WOODLAND HILLS (CNS) — State regulators held the first of two meetings at the Trillium Room of the Hilton Woodland Hills on Wednesday, Feb. 1, to gather public input on a proposal to allow Southern California Gas Co. (SoCalGas) to resume injecting natural gas into the Aliso Canyon public storage facility, site of a four-month leak that led to the temporary relocation of thousands of Porter Ranch-area residents.
The second hearing is today, Feb. 2, from 5:30 p.m. to 9 p.m.
Officials with the state Division of Oil, Gas and Geothermal Resources and the California Public Utilities Commission have recommended that the injections resume but at reduced amounts and lower pressure levels than those requested by SoCalGas.
DOGGR officials concluded in a letter sent to SoCalGas in mid-January that the utility has either completed or was on track to complete the steps required by state law and the governor’s office before natural gas injections can resume at the Porter Ranch facility — site of the four-month gas leak from October 2015 to February 2016 that spewed 109,000 metric tons of methane into the air.
“We want to hear the public’s thoughts on the testing and inspections, and the steps being taken to ensure public health, safety and environmental protection,” Ken Harris, the state’s oil and gas supervisor and director of DOGGR, said when the conclusions were reached.
“We are responsible for ensuring that if the facility reopens, the wells are safe. The entire facility has undergone extensive inspection and each well has been thoroughly tested with stringent standards that were developed with experts at the Lawrence Berkeley, Lawrence Livermore and Sandia National Laboratories.”
Those opposing the resumption of operations at Aliso Canyon, held a video town hall meeting for Porter Ranch residents, claiming SoCalGas has been limiting the gas flow from out of state to create conditions that would justify withdrawing gas from Aliso Canyon.
Bill Powers, who has his own engineering company based in San Diego, and other consumer groups are asking California Attorney General Xavier Becerra and L.A. City Attorney Mike Feuer to immediately open an investigation into unfair business practices by SoCalGas and its parent company Sempra.

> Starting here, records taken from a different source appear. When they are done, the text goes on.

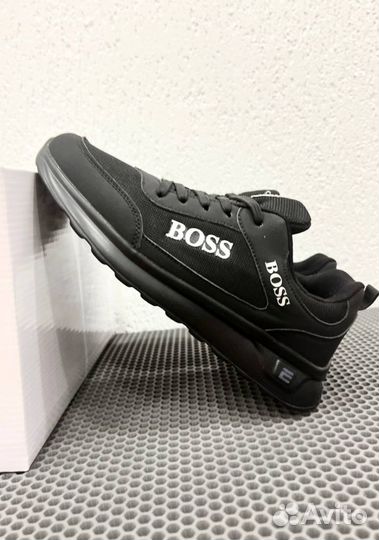 Кроссовки Boss эргономичные
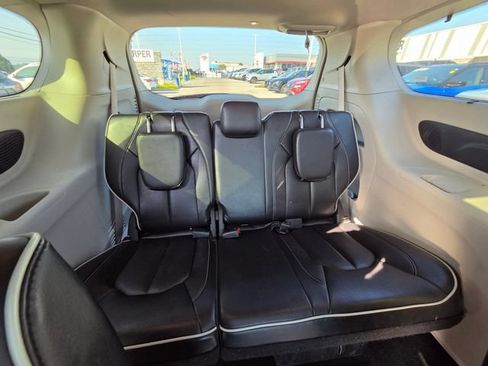 Used 2023 Chrysler Pacifica Limited FWD image 31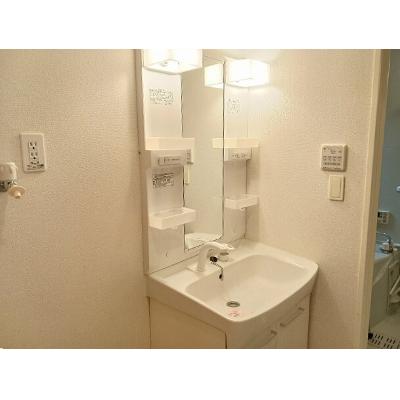 クラージュ 101【管理NO：1-018039601-01010】 ★家具家電は申し込み後に搬入します★の物件写真6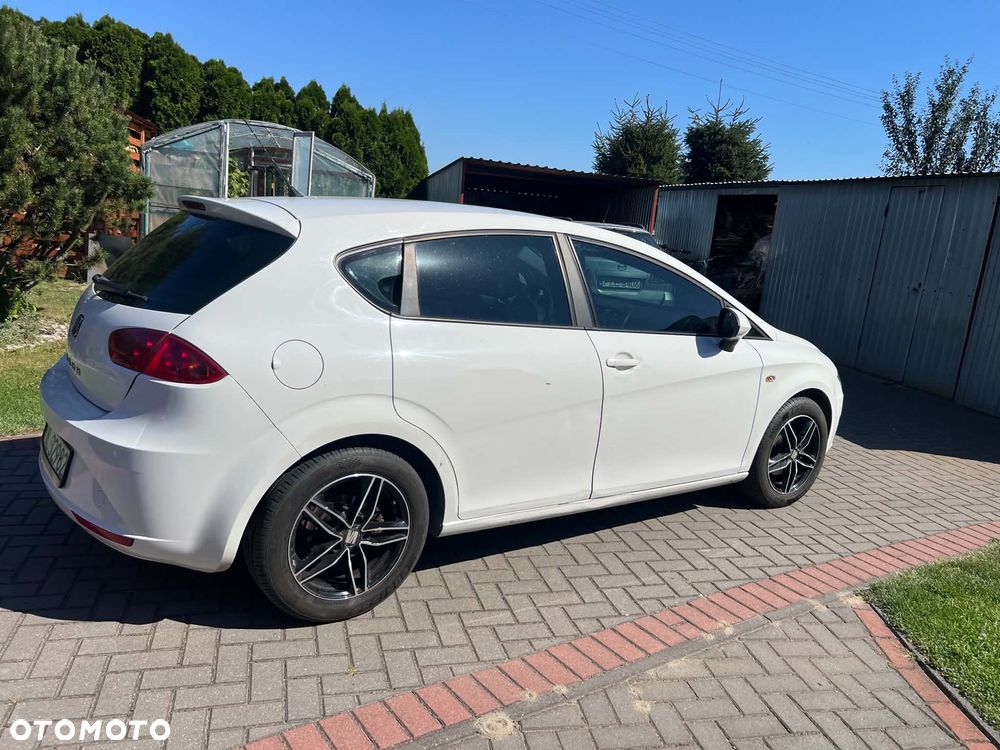 Seat Leon 2010 photo 3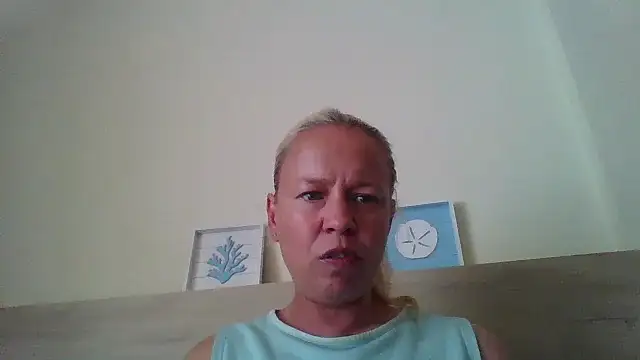 Snapshot of jennyblondeuk chatting on May 2026 02:36:02 PM jennyblondeuk online show from May 2026 02:36:02 PM
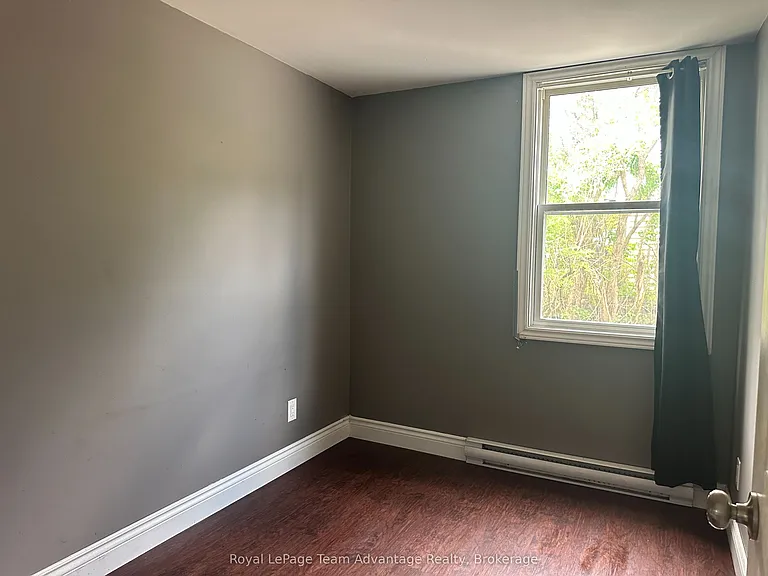 41 Emily St — Photo 10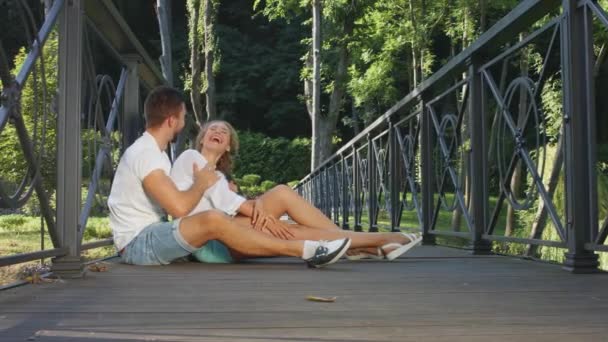 Una fecha en el puente . — Vídeo de stock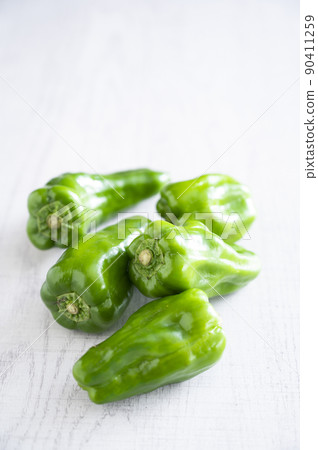 green pepper green pepper 90411259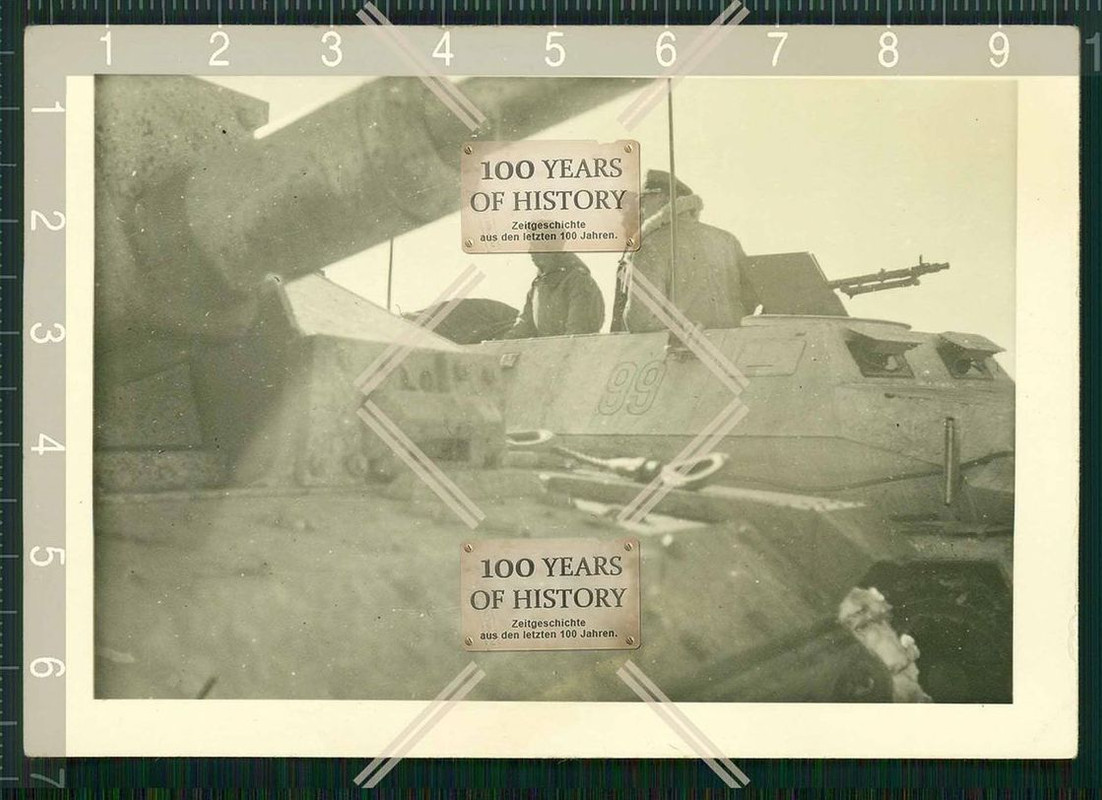 Orig. Foto Panzer Tank Spähwagen Winter GD Ukraine Soldaten und 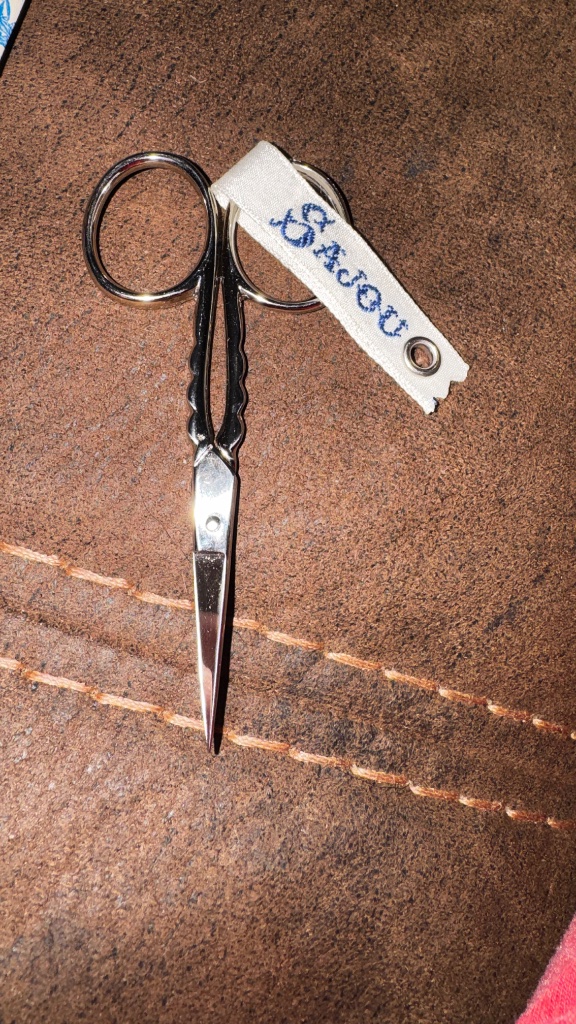 Sajou Scallop Embroidered Scissors
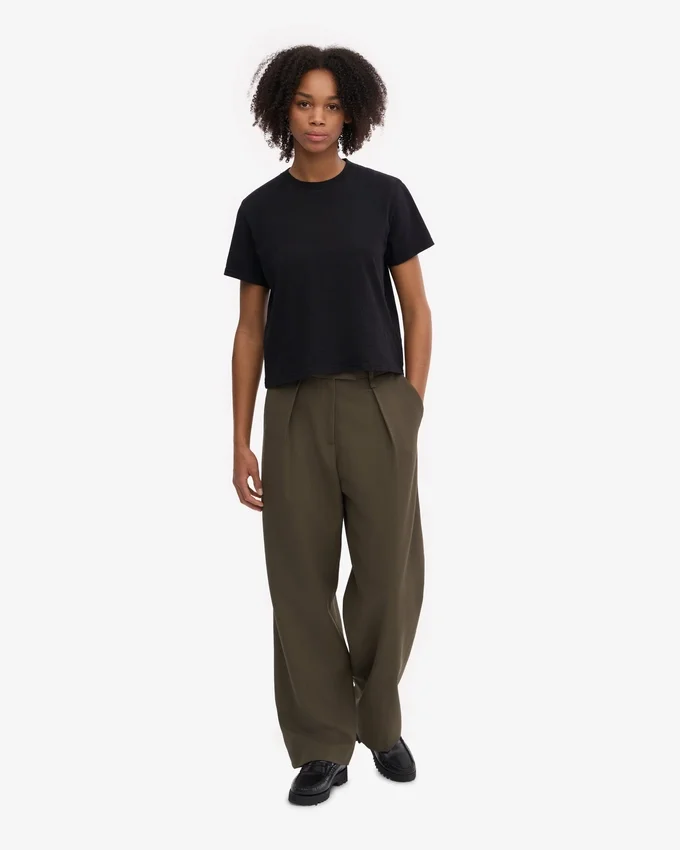 Boxy Crop-T-Shirt aus Bio-Baumwolle – Tiefschwarz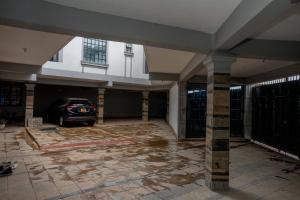 The Swan Deluxe Apartments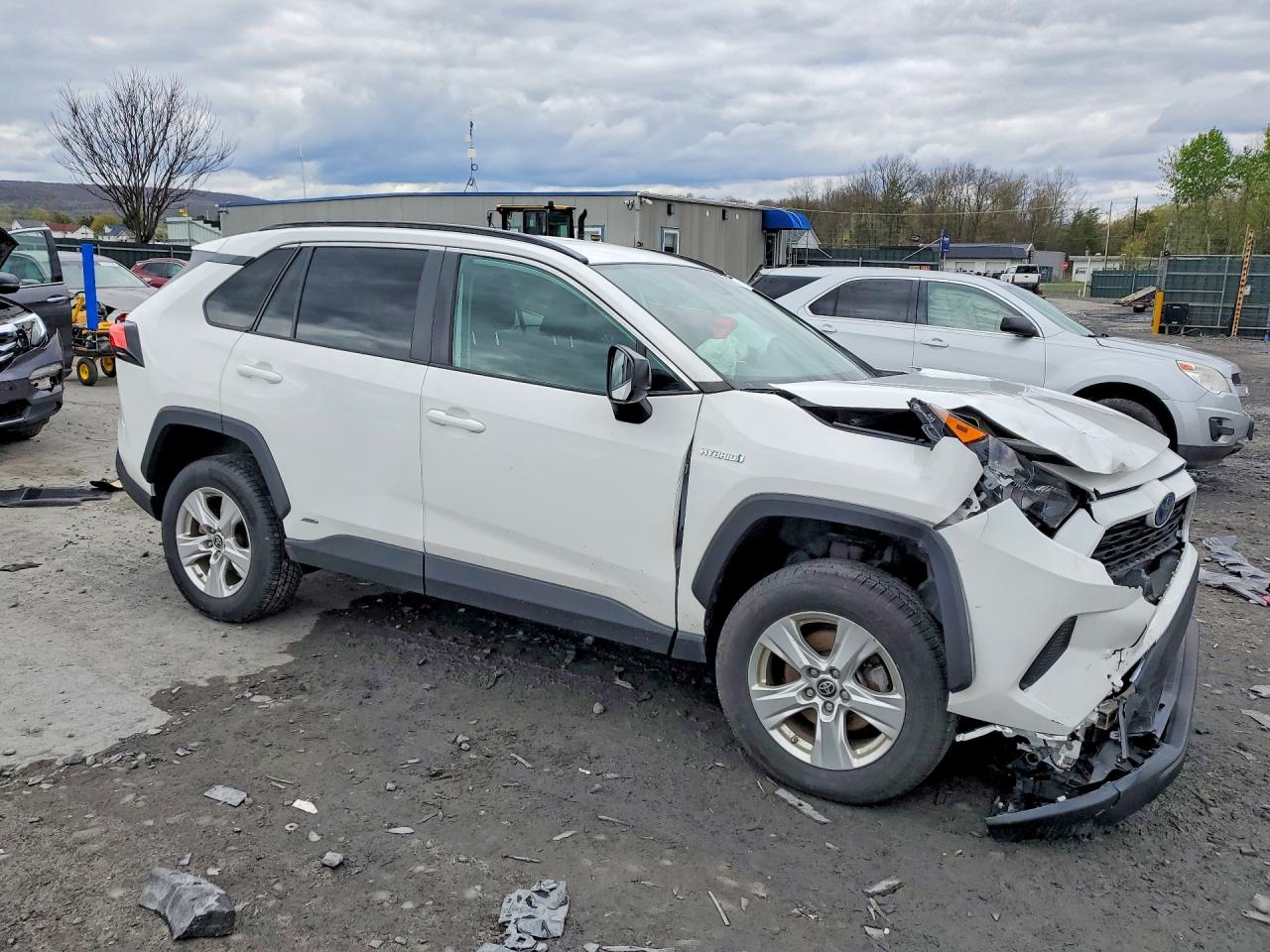 2021 TOYOTA RAV4 LE photo 10
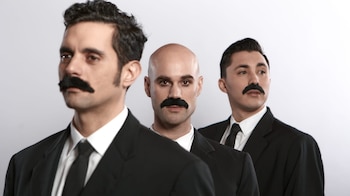 El elenco, encabezado por Alejandro Clavier, Sebastián Stimman y Diego Salinas, revela los mecanismos del radioteatro clásico mientras desafía los códigos tradicionales del melodrama desde una mirada queer.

“At the time the blowout occurred at Aliso Canyon,” Powers said,” there were a number of projects underway that were moneymakers for SoCalGas. One is a major renovation the wells. The wells are quite old at Aliso Canyon; in fact they’re quite old at [all four of the gas company’s] storage fields in Southern California,” some between 60 and 80 years of age.
“There have been increasing leaks in these wells, from 2008 to 2013, this is something SoCalGas used to lobby for additional funds to upgrade and renovate these wells…to the tune of tens of millions of dollars a year. But it’s not surprising they are finding more and more leaks occurring.”
He said the gas company had also completed a $200 million compressor upgrade project at Aliso Canyon, “and if Aliso Canyon does not go back online, they cannot recover that money from their ratepayers. So they do have a substantial amount of investment on the line if Aliso is shut down permanently.”
Powers added that you can run a system on pipeline gas alone “with little or no storage” the way other states do like Arizona, “and do it reliably.”
According to state regulators, 34 of the 114 wells at the Aliso facility had passed a series of safety tests by mid-January, indicating they can be safely used to again inject natural gas into the storage facility. The other wells have been taken out of service, and they must pass all safety tests within one year or be plugged.